* Record excerpts
##########
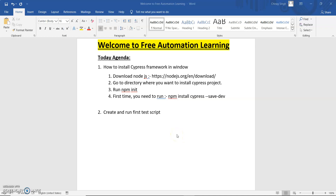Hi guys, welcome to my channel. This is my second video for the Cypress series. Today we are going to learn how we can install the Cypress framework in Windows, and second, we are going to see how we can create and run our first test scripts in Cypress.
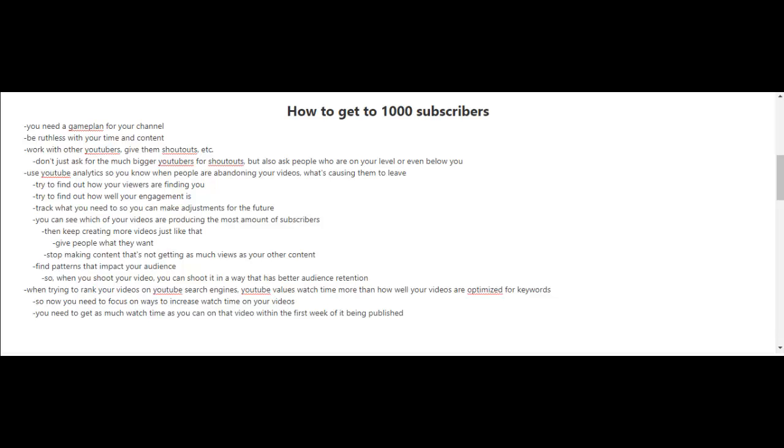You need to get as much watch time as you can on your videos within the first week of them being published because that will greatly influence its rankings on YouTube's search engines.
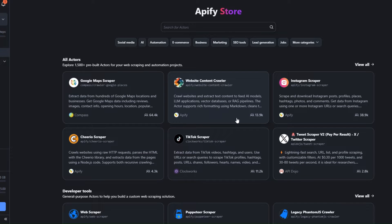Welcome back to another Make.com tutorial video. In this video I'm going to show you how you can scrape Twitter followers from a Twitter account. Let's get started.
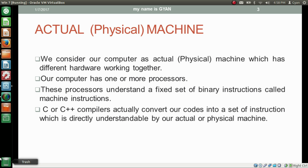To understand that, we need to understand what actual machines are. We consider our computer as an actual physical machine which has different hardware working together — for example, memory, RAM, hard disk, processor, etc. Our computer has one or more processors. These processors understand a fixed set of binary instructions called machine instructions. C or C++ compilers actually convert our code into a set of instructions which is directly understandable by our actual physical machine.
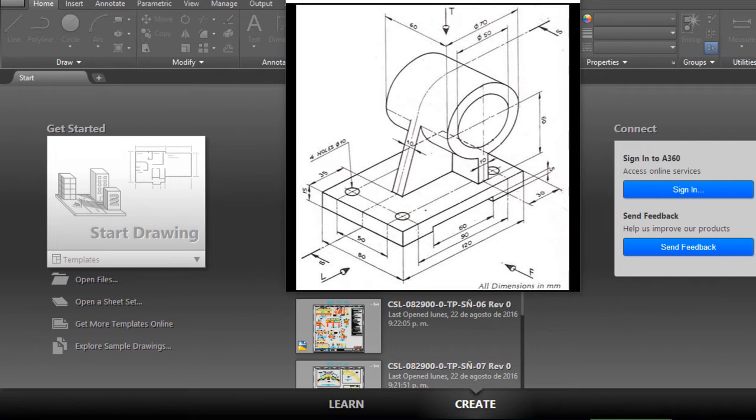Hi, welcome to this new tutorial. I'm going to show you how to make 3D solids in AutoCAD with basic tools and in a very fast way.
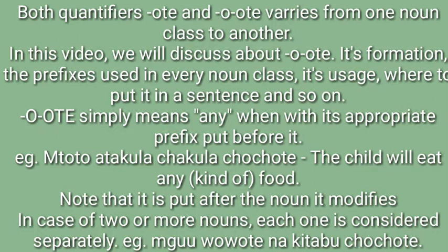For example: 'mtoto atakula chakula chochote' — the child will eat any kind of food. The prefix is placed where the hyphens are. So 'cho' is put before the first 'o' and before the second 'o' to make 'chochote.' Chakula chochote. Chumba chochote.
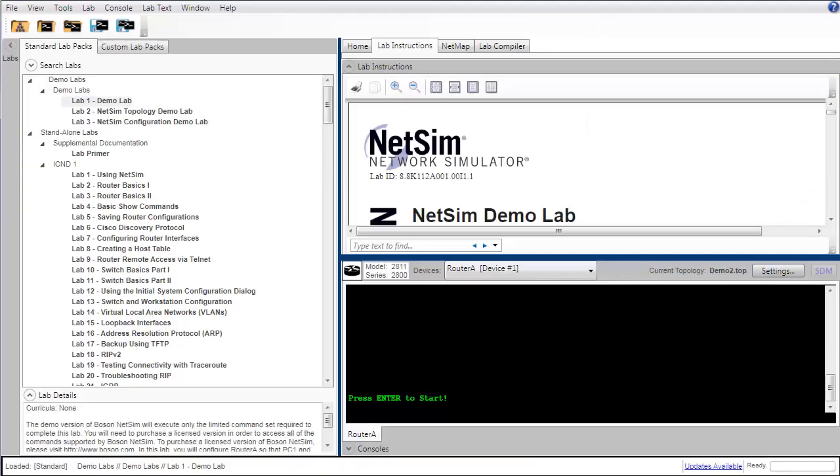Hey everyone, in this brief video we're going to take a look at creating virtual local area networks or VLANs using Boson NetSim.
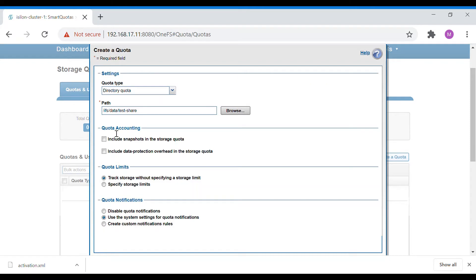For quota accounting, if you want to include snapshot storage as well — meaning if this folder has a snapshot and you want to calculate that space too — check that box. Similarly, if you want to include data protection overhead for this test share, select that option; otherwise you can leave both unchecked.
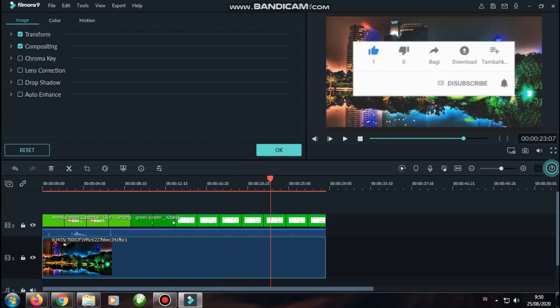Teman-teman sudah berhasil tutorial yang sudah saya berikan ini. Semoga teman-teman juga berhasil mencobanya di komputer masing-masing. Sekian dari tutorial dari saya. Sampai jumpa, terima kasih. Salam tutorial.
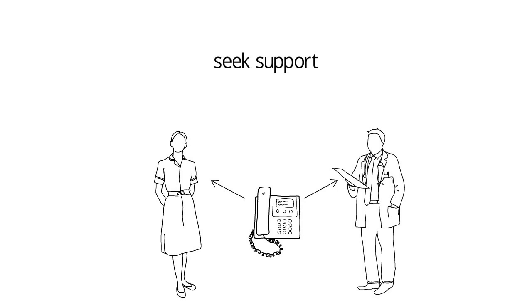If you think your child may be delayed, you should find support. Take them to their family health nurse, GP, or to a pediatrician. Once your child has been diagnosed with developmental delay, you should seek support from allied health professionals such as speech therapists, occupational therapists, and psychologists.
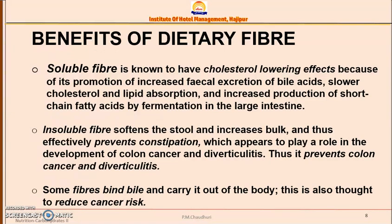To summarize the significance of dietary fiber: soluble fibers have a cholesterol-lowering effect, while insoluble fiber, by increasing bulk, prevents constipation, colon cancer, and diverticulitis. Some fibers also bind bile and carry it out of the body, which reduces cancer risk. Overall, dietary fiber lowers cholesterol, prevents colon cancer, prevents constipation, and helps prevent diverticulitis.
##########
* Work task
Leave every picture out and copy precisely the lines from the one containing "Hi, welcome to" through the last line of the data above, both ends included.

* Response
Hi, welcome to this new tutorial. I'm going to show you how to make 3D solids in AutoCAD with basic tools and in a very fast way.
For example: 'mtoto atakula chakula chochote' — the child will eat any kind of food. The prefix is placed where the hyphens are. So 'cho' is put before the first 'o' and before the second 'o' to make 'chochote.' Chakula chochote. Chumba chochote.
Hey everyone, in this brief video we're going to take a look at creating virtual local area networks or VLANs using Boson NetSim.
For quota accounting, if you want to include snapshot storage as well — meaning if this folder has a snapshot and you want to calculate that space too — check that box. Similarly, if you want to include data protection overhead for this test share, select that option; otherwise you can leave both unchecked.
Teman-teman sudah berhasil tutorial yang sudah saya berikan ini. Semoga teman-teman juga berhasil mencobanya di komputer masing-masing. Sekian dari tutorial dari saya. Sampai jumpa, terima kasih. Salam tutorial.
If you think your child may be delayed, you should find support. Take them to their family health nurse, GP, or to a pediatrician. Once your child has been diagnosed with developmental delay, you should seek support from allied health professionals such as speech therapists, occupational therapists, and psychologists.
To summarize the significance of dietary fiber: soluble fibers have a cholesterol-lowering effect, while insoluble fiber, by increasing bulk, prevents constipation, colon cancer, and diverticulitis. Some fibers also bind bile and carry it out of the body, which reduces cancer risk. Overall, dietary fiber lowers cholesterol, prevents colon cancer, prevents constipation, and helps prevent diverticulitis.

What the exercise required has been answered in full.